W tym roku księża z krakowskiej parafii Matki Bożej Ostrobramskiej zaskoczyli swoich wiernych decyzją, która odbiega od "tradycji". Ogłosili, że podczas wizyt duszpasterskich nie będą zbierać datków. Zamiast tego, ich celem będzie przede wszystkim modlitwa i błogosławieństwo.

Informację o zmianach parafianie otrzymali za pośrednictwem Facebooka. Księża poprosili również, aby wierni poinformowali ministrantów o chęci "przyjęcia kolędy", gdyż nie chcą niepokoić tych, którzy tego sobie nie życzą.

Kolęda – kiedyś tradycja, dziś niechciany obowiązek

Kolęda to jeden z najstarszych zwyczajów związanych z okresem świątecznym. Dawniej, ksiądz odwiedzający domy parafian był stałym elementem przygotowań do świąt. W przeciwieństwie do obecnych czasów to właśnie duchowny przynosił potrzebującym pieniądze, których w kościele zwykle nie brakowało.

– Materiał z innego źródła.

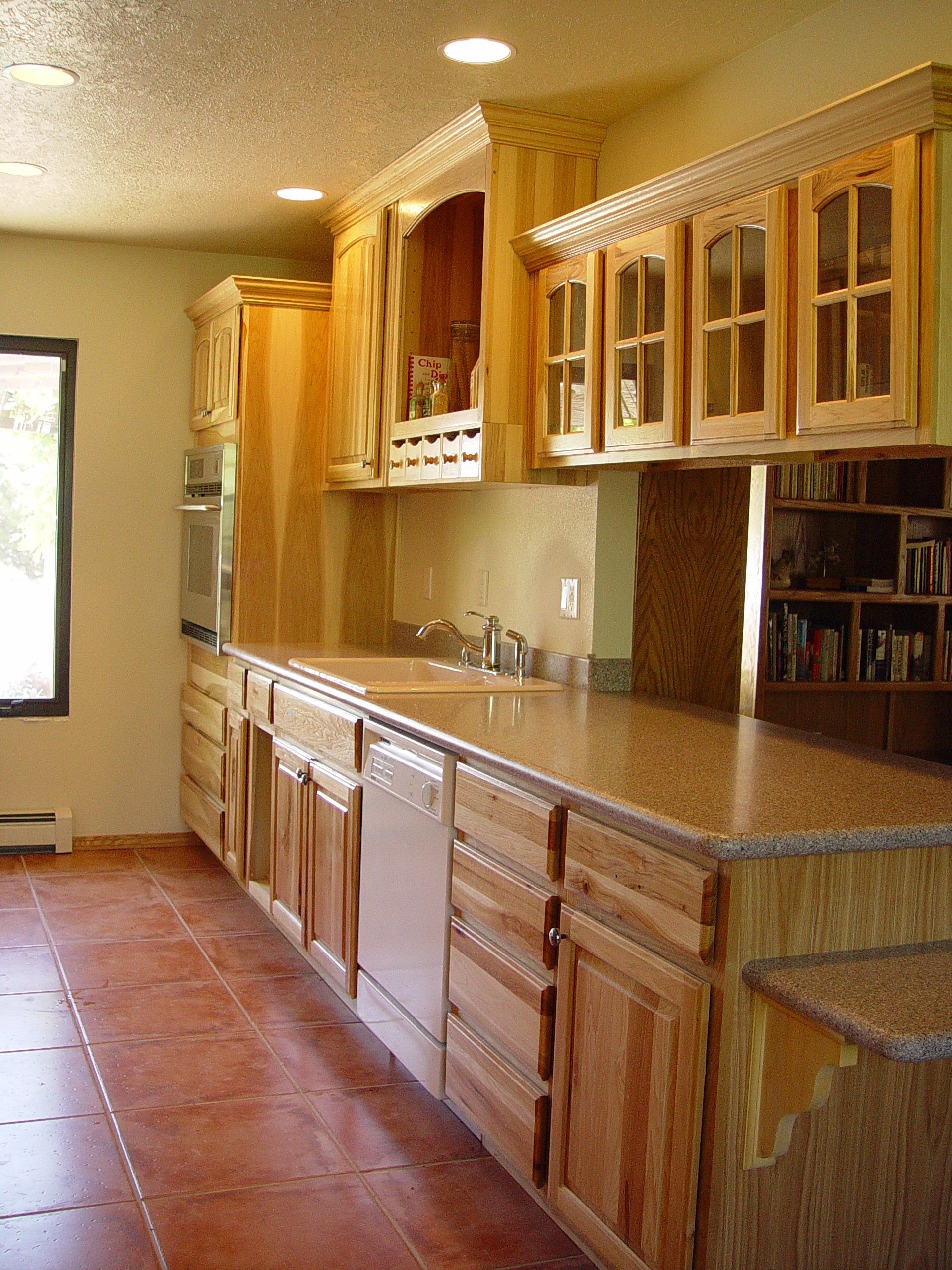 A kitchen with wooden cabinets and granite counter tops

W nowoczesnych czasach kolędzie zwykle towarzyszy rozmowa, modlitwa i błogosławieństwo, a parafianie składają w kopercie datek "co łaska". Z biegiem lat jednak zmieniły się realia, a tradycja kolędy ewoluowała. Choć jest to wciąż ważny moment dla wielu rodzin, współczesne podejście do wizyt duszpasterskich różni się od tego sprzed lat i bardziej przypomina niechciany obowiązek.

Masowe kolędy – czy to koniec tradycji?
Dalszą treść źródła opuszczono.